I guess, those, who are reading it, are those, who are already affected by all the negative impacts.
Those, who don’t reading it, know why not reading it. As long as a subscription-model-composer earns more money as on the “nomal”-market-composer, why should he change his strategy?
As long as a platform like Envato gets more money with a subscription model (with stable forecasts for the shareholders) as with a “normal” market model, why should they change their strategy?
As long, as a composer gets more visibilty with $5 sales on this platform (and can partly compensate the difference in earnings), than a composer who sells his work for reasonable $29 - why should he change his strategy?
As long, as customers fall on subscription models, nothing will change.
A customer is not interested in:“How much effort and work means that product? How I am able to pay a really fair price for the composer?” The customer gets served, the customer buys.
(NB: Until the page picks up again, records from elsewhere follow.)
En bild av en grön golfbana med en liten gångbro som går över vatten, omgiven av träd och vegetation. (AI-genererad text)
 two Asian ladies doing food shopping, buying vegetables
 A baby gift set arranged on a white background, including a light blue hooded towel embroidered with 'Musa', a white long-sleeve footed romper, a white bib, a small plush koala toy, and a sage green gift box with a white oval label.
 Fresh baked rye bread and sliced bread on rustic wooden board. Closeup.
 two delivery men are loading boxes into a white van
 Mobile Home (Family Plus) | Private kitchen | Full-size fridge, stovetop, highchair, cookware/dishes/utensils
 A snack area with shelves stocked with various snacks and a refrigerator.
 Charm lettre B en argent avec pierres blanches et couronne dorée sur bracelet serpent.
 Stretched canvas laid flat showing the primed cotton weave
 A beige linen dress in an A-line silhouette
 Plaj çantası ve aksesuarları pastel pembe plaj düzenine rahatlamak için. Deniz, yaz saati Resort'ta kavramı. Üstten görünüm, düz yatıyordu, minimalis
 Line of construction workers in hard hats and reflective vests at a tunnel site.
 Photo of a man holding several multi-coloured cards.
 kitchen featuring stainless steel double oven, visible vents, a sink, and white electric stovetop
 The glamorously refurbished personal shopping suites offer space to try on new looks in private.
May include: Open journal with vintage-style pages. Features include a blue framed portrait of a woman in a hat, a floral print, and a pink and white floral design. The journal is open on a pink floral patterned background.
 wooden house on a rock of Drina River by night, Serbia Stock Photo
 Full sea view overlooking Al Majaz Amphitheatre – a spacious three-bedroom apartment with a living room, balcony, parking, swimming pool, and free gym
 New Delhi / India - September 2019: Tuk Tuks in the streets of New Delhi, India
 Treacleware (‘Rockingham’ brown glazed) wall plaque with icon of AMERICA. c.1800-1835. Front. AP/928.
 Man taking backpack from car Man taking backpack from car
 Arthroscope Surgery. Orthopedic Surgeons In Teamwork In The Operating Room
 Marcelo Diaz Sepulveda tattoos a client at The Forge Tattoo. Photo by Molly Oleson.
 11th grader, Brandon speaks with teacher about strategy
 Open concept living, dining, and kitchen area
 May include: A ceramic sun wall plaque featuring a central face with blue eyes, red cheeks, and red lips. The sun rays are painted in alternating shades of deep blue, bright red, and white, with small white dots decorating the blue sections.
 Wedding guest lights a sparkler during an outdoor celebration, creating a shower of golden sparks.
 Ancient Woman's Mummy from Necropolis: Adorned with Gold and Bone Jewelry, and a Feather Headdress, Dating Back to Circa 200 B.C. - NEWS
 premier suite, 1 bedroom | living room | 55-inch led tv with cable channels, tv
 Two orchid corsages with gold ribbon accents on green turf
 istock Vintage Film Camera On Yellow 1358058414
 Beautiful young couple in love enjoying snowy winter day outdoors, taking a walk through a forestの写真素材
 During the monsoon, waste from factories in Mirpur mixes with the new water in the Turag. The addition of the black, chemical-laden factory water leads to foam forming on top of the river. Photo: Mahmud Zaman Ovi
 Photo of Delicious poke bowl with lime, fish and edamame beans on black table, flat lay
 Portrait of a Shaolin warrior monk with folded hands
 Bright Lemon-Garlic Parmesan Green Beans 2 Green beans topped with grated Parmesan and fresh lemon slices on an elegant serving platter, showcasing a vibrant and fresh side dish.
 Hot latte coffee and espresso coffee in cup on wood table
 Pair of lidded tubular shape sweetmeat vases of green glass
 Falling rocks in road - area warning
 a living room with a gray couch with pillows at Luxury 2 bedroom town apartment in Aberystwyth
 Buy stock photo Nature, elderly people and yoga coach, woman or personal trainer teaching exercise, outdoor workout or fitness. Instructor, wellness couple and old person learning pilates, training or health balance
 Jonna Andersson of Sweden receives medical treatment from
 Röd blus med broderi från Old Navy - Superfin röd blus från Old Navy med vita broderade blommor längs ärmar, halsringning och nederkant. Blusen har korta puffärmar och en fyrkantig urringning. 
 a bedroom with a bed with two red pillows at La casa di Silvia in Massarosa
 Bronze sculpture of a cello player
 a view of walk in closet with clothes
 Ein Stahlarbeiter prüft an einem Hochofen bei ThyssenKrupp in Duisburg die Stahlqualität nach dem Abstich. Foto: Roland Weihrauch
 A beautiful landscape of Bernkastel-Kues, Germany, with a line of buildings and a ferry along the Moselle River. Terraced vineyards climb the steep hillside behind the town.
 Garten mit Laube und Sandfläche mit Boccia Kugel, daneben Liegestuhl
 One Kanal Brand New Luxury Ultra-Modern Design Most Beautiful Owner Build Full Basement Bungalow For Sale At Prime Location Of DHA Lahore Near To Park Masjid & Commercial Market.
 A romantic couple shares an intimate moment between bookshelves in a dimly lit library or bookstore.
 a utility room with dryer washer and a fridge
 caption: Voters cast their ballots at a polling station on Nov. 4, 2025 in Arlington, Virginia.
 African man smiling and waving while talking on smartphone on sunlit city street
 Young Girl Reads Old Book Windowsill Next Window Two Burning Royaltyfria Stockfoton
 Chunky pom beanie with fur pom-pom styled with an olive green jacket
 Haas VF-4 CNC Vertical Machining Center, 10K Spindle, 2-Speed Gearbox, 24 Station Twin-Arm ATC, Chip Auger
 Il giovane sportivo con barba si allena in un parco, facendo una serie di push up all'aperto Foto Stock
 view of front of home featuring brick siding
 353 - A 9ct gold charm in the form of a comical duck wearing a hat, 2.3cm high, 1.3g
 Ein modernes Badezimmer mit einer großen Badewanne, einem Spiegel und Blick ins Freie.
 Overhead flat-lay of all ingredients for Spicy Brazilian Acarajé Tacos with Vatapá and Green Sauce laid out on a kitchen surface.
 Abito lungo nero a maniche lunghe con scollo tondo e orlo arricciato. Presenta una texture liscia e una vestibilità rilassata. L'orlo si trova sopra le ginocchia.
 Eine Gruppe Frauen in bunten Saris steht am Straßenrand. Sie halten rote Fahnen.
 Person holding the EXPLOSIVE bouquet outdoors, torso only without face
Today a lot of products in the world tending to become short-term-products. All kinds of electronics, clothes, furniture, cars - the lifecycles of all products drop. And we use these short term products without asking about it’s reasonable value.That’s also valid for the product music. We create no products for the eternity like Beethoven or Bach. We create consumer products. Bought today, forgotten tomorrow. And the customer is not willing to pay more, because it’s reasonable and fair in our eyes. We are part of that industry. We are part of this short term lifestyle. (ohhh, I see now all the answers incoming:“No, I am NOT part of this lifestyle!!”).
The industry will not change for us. The customers will not change for us. We can change our strategy and stop to be part of this game. We can stop producing music for this market. But I’m sure, at the end no one of you is willing to go this way.